Firas Kayal, Senior Policy Advisor, United Nations High Commissioner for Refugees, New York Office

On March 28th, 2017, Washington University School of Law and the Whitney R. Harris World Law Institute had the privilege of welcoming Firas Kayal, Senior Policy Advisor to the United Nations High Commissioner for Refugees (UNHCR). Coming to Washington University School of Law was a homecoming for Mr. Kayal, who received his LL.M. from Washington University as a Fulbright Scholar. He has since worked tirelessly with UNHCR, the humanitarian arm of the United Nations tasked with protecting and assisting refugees. His lecture on “The Global Refugee Crisis” was a much-needed discussion considering current events.

Mr. Kayal began his lecture by noting that we are living in unprecedented times as there are currently 65 million people displaced worldwide, the highest level of global displacement on record. He also explained the distinction between a migrant and a refugee: whereas migrants leave a country by choice, refugees are forcibly displaced. In contrast to much rhetoric in the news, 86% of refugees are hosted by poor or developing countries. For example, hundreds of thousands of people have fled conflict in South Sudan by crossing into Uganda, which is not a rich state.
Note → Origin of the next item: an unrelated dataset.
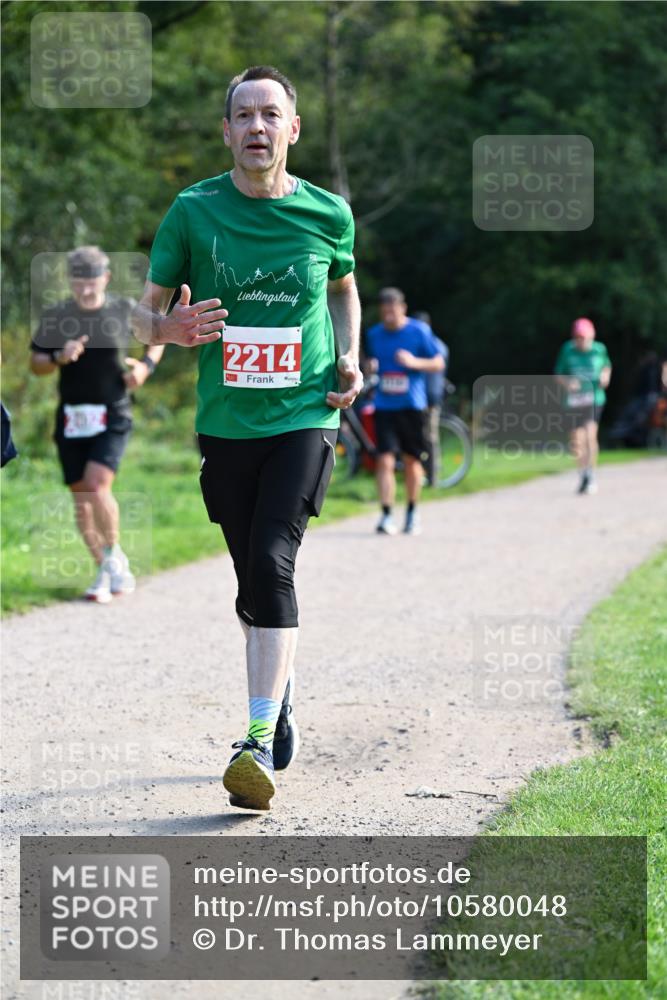 27.09.2026 - 35. Volkslauf durch das schöne Alstertal Dr. Thomas Lammeyer http://msf.ph/oto/10580048 27.09.2026 12:12:39 Laufen 2214 meine-sportfotos.de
March, 2017 statistics on the humanitarian crisis in South Sudan [via UNHCR Data Portal]

Today in Syria, 5 million refugees are being hosted in neighboring States while 6 million have been displaced internally (have not yet crossed an international border). The Syrian population is comprised of roughly 18.5 million people, meaning almost half the country is displaced. Mr. Kayal stressed that the UNHCR provides only the most basic services needed for survival (i.e., a tent, roughly $400, food, water etc.) to refugees that they are able to help.

While the refugee crisis has been building for years, the world woke up in 2015 when refugees in large numbers knocked on the doors of Europe. Europe did not act in a unified way: while States such as Sweden and Germany took a humanitarian approach, other States closed their borders or fired tear gas at migrants and refugees. The Dublin Regulation was created to provide a legal system for examining asylum applications in the European Union, however, as Mr. Kayal noted, it was not designed to deal with people numbering in the millions.

Traditional methods of refugee resettlement are simply not enough to deal with the current global refugee crisis. States articulate the need for a fair distribution system in which rich States help to carry the burden of admitting and resettling refugees in proportion to their resources. One manner of doing so is by offering development assistance to countries hosting refugees. A country such as Lebanon, which is already so small and lacking in resources, cannot be expected to sustain a proportionally huge influx of refugees without aid from other nations. Mr. Kayal also spoke a great deal about the community-based approach in which the United Nations provides various resources to an entire community in resolving problems in order to minimize tensions between refugee populations and local communities within the host country.

Firas Kayal shares photos taken during his time as an UNHCR Protection Officer

While the UNHCR makes a huge difference in the lives of victims of conflict, it can only do so much with the available resources. Mr. Kayal explained how the organization’s work attempts to alleviate the pain and suffering that refugees face; however, the long-term solution to a conflict is always a political one. And the political solution ultimately rests with Member States, including the General Assembly and Security Council.